=== PROBLEM DESCRIPTION ===
Word for word, set down every line of the entries below from the line with "Soriana Híper Variedad" to the line with "Cover iPhone 14", including both, and no other line.

Data excerpts:
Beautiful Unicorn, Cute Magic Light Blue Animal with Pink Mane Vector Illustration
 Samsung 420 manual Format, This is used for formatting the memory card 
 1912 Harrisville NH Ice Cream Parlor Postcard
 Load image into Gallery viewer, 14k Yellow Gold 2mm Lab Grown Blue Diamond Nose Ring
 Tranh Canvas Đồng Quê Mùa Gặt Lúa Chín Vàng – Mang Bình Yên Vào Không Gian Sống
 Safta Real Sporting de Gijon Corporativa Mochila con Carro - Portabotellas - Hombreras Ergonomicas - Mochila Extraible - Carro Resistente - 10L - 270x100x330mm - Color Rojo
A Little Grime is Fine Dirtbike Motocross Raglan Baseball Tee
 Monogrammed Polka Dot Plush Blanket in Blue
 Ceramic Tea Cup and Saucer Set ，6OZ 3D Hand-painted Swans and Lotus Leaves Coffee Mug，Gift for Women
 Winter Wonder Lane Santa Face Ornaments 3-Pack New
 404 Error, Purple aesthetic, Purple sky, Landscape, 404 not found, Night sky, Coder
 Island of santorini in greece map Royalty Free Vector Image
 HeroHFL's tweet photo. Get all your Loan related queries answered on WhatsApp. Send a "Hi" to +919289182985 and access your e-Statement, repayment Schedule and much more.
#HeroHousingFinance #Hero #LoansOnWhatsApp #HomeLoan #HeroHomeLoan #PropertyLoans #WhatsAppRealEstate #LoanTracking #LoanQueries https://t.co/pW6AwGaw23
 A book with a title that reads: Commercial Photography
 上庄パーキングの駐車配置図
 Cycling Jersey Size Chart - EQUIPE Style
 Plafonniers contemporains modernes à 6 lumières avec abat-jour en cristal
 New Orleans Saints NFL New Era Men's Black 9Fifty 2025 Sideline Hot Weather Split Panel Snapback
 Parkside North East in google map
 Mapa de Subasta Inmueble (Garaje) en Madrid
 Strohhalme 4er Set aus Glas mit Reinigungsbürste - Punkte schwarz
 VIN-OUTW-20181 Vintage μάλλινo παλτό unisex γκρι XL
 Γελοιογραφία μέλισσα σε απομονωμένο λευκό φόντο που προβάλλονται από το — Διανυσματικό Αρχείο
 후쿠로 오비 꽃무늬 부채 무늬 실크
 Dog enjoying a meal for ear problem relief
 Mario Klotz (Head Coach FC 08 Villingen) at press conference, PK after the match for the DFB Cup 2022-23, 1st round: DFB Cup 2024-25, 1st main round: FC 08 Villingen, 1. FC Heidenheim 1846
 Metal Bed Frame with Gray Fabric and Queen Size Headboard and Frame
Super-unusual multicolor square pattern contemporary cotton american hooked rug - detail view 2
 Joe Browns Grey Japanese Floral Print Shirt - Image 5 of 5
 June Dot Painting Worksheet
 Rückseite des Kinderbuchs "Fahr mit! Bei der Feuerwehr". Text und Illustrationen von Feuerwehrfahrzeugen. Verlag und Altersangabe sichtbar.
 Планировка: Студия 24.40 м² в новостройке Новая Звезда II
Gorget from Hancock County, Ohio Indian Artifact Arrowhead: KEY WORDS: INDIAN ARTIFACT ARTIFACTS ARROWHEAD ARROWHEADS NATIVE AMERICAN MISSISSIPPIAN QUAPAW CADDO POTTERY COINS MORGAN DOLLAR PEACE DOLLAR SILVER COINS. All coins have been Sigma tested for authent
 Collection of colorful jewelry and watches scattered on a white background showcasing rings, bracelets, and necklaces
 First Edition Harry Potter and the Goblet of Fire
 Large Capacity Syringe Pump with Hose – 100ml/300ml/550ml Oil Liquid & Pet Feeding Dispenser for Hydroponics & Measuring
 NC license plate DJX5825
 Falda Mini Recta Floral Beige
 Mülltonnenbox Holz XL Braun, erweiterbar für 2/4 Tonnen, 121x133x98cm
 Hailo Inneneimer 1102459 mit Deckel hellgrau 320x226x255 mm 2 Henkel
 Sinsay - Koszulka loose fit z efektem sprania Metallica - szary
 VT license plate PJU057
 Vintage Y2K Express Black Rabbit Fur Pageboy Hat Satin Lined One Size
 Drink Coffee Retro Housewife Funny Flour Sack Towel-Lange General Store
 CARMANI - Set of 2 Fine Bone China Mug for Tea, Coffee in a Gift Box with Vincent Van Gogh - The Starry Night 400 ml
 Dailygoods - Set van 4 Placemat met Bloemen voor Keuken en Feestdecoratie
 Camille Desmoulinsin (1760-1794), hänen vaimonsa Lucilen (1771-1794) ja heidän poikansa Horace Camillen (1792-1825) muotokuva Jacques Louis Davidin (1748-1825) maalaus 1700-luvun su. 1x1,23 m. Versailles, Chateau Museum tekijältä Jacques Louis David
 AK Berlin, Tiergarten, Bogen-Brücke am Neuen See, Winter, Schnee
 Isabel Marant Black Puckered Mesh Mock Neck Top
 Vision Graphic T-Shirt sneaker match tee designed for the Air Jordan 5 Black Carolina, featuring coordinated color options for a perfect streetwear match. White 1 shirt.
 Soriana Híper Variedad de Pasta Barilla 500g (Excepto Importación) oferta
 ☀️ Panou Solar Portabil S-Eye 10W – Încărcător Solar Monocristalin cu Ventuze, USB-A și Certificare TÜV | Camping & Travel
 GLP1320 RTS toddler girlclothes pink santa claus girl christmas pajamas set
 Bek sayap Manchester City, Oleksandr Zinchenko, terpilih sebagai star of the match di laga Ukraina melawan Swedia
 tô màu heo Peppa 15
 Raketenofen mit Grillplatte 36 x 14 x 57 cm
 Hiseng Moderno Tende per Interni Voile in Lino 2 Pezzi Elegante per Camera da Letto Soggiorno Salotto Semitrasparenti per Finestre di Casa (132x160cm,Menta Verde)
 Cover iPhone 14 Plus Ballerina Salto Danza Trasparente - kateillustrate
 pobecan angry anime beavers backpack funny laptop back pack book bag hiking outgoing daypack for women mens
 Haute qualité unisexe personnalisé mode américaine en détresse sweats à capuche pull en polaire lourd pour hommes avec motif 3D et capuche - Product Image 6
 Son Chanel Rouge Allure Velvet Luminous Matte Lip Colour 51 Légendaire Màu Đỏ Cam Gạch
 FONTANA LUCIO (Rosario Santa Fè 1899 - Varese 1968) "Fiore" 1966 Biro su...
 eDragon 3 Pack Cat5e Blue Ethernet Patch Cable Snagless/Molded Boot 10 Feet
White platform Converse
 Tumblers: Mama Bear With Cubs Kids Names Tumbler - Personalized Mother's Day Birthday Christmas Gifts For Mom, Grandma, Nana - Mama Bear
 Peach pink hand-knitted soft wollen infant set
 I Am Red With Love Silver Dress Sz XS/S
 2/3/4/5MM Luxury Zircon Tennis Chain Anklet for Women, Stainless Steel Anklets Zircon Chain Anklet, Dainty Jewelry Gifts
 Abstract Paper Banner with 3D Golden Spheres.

=== EXERCISE OUTPUT ===
 Soriana Híper Variedad de Pasta Barilla 500g (Excepto Importación) oferta
 ☀️ Panou Solar Portabil S-Eye 10W – Încărcător Solar Monocristalin cu Ventuze, USB-A și Certificare TÜV | Camping & Travel
 GLP1320 RTS toddler girlclothes pink santa claus girl christmas pajamas set
 Bek sayap Manchester City, Oleksandr Zinchenko, terpilih sebagai star of the match di laga Ukraina melawan Swedia
 tô màu heo Peppa 15
 Raketenofen mit Grillplatte 36 x 14 x 57 cm
 Hiseng Moderno Tende per Interni Voile in Lino 2 Pezzi Elegante per Camera da Letto Soggiorno Salotto Semitrasparenti per Finestre di Casa (132x160cm,Menta Verde)
 Cover iPhone 14 Plus Ballerina Salto Danza Trasparente - kateillustrate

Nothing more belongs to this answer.